Die WHO fordert eine Absenkung der „Unbedenklichkeitsstufe“ auf 60 ng – auch eine Abteilung des UBA Berlin spricht sich dafür aus, doch dort hängt „man“ an alten Werten… Und die Bundesregierung ist der Ansicht, die Belastung der Luft sei „per se sehr gering“.
Bei der Frage „Sanierung“ oder gar dem „Abriss und Neubau“ spielen offenbar wirtschaftliche Gründe eine Rolle, auch beim Festhalten an den veralteten Grenzwerten? Das UBA Berlin wäre da fein heraus und könnte massiven Maßnahmen wohl zustimmen – doch konkret ist das dann Sache der Länder bzw. Kommunen. Dazu ein Stadt-Kämmerer: „Das kostet einen Haufen Geld.“ Und das nur für die Gesundheit der Bevölkerung?

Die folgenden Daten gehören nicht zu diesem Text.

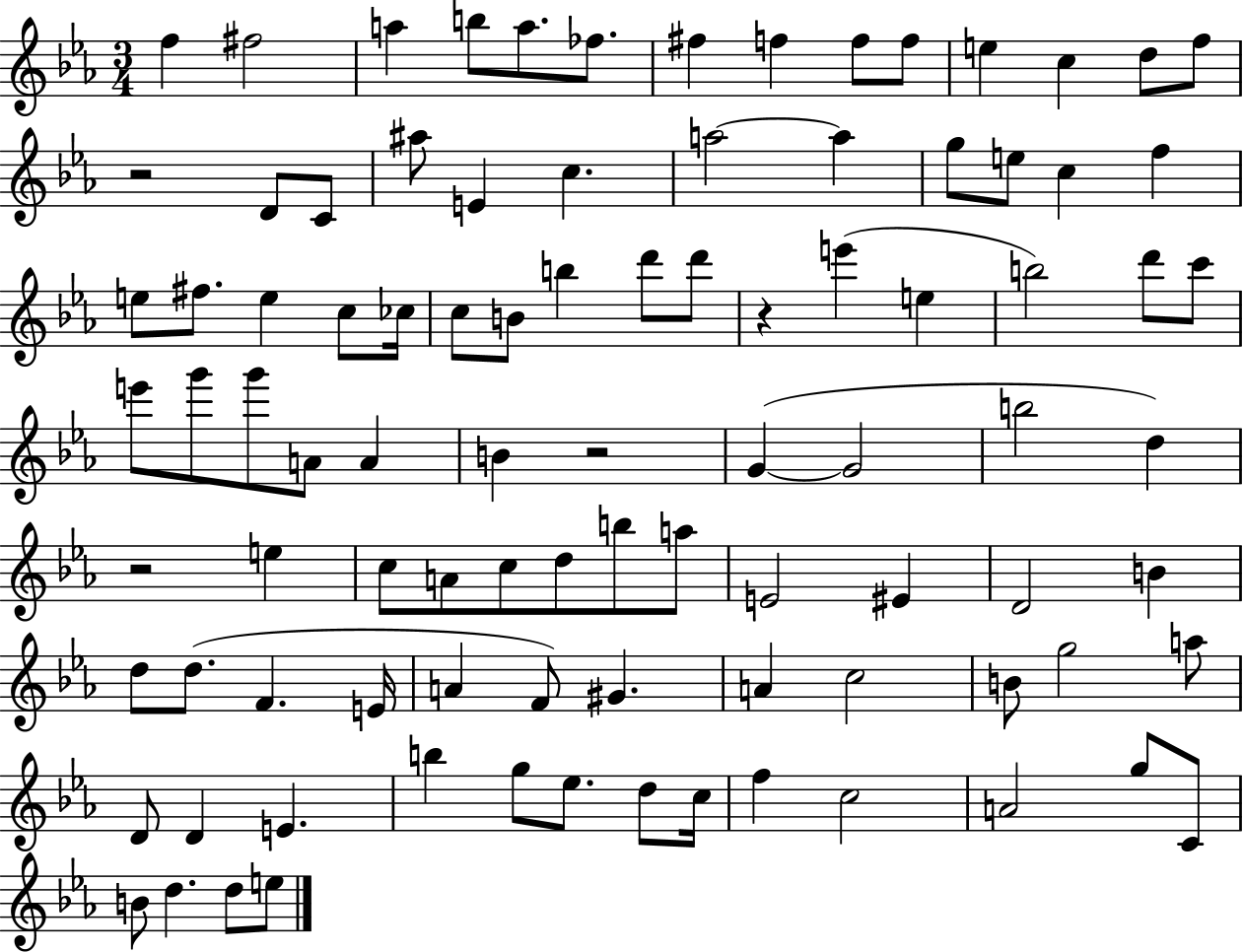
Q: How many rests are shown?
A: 4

Wir zitieren aus der Dokumentation “Das vergessene Gift – wie PCB uns alle belastet“ des swr: „Bei PCB geht es immer wieder um Grenzwerte und Kosten – dabei müsste es um den politischen Willen gehen, die Gesundheit aller bestmöglichst zu schützen.“
Der Toxikologe Hans-Ulrich Hill fordert eindeutig: „Die PCB-Belastung muss auf Null heruntergedrückt werden!“
Ein Hoffnungsschimmer nicht nur für PCB-Geschädigte in Dortmund:
Von einem Mitarbeiter der Bürgerinitiative für die Aufklärung des PCB-Skandals in Dortmund erhielten wir nun folgenden Bericht:
Viele PCB-belastete Menschen werden seit Jahren an der Technischen Universität Aachen von einem Forscherteam unter der Leitung von Prof. Kraus im Rahmen des Betreuungsprogramms untersucht – vor allem ihre Blutwerte. Einer der Untersuchten fragte in einem Brief in Aachen nach, warum denn das Blut auf die PCB-Menge hin untersucht würde – dort sei es doch nur kurze Zeit und werde bald in fetthaltigen Geweben in großer Menge und für lange Zeit abgelagert. Er machte sich zu Recht Sorgen darüber, wie hoch die PCB-Menge in seinem Körperfett ist.
Von einem Mitarbeiter des Aachener Teams erhielt er nun eine ausführliche Antwort, die zu Hoffnung Anlass gibt. Er schrieb z.B., das gefährliche PCB sei eigentlich nicht das im Fettgewebe, sondern das im Blut; im Fettgewebe seien die PCB-Moleküle gewissermaßen gebunkert und gelangen deswegen kaum zu gefährdeten Körperorganen. Anders bei PCBs im Blutkreislauf: Die werden von der Blutflüssigkeit z.B. zu Milz, Leber und Niere transportiert und richten dort gesundheitliche Schäden an wie z.B. Krebs.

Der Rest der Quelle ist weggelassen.